Stored entries
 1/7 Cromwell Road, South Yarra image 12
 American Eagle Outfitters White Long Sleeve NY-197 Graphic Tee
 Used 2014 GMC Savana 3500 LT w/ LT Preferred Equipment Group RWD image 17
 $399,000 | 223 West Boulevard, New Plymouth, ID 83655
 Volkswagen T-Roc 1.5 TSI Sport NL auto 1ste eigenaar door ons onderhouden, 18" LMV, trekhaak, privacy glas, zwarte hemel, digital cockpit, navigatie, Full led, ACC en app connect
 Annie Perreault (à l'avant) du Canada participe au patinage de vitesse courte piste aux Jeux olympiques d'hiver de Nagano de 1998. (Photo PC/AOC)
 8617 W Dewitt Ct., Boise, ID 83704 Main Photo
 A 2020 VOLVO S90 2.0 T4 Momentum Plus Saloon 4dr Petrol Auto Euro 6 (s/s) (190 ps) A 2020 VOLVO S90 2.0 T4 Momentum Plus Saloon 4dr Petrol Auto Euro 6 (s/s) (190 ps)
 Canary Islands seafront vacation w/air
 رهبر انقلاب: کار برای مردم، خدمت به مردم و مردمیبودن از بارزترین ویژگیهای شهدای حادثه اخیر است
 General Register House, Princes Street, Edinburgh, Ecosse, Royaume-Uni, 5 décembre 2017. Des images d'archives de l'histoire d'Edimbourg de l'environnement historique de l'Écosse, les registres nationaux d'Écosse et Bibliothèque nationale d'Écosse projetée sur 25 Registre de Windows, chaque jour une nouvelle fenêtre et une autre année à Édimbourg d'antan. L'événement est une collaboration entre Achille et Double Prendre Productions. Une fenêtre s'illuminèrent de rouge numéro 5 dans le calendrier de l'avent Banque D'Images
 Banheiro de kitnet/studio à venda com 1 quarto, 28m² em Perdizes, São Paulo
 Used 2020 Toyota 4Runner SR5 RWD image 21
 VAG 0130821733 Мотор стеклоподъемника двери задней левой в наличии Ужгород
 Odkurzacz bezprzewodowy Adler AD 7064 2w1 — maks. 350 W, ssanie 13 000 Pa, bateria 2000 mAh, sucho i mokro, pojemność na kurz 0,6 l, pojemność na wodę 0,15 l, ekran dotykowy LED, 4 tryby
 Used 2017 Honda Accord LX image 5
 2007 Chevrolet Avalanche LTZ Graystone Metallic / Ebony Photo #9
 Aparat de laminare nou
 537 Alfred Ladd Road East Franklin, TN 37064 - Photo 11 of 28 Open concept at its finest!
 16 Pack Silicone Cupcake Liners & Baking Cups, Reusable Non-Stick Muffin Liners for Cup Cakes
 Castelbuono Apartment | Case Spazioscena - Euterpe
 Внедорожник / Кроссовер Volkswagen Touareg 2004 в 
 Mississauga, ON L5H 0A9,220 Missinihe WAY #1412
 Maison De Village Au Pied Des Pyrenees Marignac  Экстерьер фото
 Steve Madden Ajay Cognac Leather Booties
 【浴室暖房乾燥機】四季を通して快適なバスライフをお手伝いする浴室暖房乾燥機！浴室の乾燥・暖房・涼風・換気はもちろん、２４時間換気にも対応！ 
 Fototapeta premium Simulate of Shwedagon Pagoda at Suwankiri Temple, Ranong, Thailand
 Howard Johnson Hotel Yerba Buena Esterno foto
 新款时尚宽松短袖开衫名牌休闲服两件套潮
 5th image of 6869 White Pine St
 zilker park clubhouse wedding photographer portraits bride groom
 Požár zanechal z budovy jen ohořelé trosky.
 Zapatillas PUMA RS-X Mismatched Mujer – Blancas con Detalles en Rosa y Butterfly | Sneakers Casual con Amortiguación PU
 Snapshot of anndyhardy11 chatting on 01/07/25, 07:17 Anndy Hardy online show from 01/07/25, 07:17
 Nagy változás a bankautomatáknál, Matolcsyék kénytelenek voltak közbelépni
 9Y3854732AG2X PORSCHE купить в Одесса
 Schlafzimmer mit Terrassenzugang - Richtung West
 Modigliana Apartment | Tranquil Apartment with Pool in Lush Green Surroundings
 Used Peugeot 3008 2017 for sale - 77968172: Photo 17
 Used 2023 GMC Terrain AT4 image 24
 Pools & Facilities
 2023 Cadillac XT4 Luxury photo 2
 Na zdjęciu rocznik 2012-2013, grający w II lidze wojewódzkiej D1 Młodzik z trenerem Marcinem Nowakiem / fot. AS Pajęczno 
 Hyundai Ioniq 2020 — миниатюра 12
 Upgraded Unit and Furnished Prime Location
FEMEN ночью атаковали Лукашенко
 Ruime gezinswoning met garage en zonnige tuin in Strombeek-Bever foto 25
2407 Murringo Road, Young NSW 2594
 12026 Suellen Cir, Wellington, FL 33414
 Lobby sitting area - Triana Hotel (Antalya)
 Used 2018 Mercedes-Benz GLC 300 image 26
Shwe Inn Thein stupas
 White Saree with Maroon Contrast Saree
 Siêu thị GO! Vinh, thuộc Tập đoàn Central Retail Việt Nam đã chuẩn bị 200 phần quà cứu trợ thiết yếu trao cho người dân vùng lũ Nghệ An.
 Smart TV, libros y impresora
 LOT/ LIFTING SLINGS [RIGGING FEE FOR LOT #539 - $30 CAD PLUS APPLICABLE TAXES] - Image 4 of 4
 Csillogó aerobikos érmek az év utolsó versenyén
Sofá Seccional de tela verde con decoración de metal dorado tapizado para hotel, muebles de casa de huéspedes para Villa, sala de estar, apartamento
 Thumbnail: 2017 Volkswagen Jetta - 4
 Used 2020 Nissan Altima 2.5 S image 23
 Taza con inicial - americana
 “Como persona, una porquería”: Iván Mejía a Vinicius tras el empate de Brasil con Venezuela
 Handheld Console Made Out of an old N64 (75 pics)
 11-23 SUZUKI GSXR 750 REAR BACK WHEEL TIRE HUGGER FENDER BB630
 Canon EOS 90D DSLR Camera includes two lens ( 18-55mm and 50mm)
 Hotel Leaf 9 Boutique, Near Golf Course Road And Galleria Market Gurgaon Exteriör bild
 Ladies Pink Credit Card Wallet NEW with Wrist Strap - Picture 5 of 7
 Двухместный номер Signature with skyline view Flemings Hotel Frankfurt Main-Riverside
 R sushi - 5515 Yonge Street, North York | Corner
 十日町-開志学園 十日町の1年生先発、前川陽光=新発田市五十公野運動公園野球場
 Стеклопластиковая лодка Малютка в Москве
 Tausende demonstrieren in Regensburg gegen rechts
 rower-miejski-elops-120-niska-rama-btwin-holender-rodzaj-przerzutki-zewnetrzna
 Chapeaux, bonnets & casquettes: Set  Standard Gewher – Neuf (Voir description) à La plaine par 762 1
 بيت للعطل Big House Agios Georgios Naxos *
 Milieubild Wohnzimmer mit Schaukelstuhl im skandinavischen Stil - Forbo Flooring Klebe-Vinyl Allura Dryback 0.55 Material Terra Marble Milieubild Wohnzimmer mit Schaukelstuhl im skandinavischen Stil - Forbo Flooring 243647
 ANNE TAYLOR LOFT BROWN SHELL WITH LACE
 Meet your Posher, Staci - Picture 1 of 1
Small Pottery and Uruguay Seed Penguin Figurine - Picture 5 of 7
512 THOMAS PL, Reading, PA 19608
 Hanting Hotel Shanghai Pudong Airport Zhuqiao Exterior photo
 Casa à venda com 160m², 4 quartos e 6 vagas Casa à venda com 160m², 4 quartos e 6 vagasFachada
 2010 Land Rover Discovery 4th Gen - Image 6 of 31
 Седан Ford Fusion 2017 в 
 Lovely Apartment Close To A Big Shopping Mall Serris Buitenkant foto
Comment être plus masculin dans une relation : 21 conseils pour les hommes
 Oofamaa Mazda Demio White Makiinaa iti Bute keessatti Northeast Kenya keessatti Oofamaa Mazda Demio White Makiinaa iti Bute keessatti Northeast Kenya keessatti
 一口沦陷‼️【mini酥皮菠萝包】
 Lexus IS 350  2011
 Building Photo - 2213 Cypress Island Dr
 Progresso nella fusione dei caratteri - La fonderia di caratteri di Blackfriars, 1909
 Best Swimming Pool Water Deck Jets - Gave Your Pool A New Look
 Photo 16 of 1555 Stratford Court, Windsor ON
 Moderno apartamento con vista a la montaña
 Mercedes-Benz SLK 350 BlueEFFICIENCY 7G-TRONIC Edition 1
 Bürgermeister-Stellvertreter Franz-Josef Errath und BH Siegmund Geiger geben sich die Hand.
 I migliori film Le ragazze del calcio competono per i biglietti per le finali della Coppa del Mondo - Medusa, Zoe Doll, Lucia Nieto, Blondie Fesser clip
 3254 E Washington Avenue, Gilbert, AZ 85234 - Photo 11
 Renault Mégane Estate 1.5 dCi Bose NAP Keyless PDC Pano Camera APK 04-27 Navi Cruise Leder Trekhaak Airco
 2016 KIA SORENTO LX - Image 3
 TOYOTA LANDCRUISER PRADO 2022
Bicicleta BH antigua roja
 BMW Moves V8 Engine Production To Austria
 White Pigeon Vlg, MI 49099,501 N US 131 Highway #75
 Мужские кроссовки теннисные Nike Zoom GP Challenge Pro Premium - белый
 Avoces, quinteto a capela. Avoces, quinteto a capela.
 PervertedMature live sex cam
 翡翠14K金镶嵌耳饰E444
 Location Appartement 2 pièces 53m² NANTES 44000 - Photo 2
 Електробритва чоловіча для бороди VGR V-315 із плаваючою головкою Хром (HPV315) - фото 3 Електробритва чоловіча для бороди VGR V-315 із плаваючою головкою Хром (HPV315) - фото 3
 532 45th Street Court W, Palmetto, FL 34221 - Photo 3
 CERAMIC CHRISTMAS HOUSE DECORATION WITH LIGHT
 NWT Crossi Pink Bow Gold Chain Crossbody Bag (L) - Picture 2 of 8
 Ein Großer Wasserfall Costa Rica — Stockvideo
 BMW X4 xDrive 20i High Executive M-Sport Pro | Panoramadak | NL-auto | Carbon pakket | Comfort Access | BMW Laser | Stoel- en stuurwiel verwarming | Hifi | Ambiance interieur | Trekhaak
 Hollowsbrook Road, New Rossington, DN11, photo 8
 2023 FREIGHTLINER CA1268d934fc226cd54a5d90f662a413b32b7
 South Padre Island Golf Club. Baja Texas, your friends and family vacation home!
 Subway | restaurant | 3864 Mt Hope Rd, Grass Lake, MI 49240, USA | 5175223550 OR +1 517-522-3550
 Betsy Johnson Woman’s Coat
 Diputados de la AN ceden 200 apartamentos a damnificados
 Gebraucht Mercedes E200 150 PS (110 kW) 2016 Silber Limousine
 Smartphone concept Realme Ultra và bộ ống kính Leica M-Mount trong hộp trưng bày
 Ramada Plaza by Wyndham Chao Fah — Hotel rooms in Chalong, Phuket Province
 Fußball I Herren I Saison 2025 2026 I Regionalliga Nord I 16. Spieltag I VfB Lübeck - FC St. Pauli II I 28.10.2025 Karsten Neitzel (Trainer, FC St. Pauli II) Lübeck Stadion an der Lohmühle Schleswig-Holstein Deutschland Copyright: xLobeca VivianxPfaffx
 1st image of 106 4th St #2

Task brief
Set down, exactly as they stand above, the lines starting with the line with "Volkswagen T-Roc 1.5" and going on through the line with "8617 W Dewitt", and no others.

Your response
 Volkswagen T-Roc 1.5 TSI Sport NL auto 1ste eigenaar door ons onderhouden, 18" LMV, trekhaak, privacy glas, zwarte hemel, digital cockpit, navigatie, Full led, ACC en app connect
 Annie Perreault (à l'avant) du Canada participe au patinage de vitesse courte piste aux Jeux olympiques d'hiver de Nagano de 1998. (Photo PC/AOC)
 8617 W Dewitt Ct., Boise, ID 83704 Main Photo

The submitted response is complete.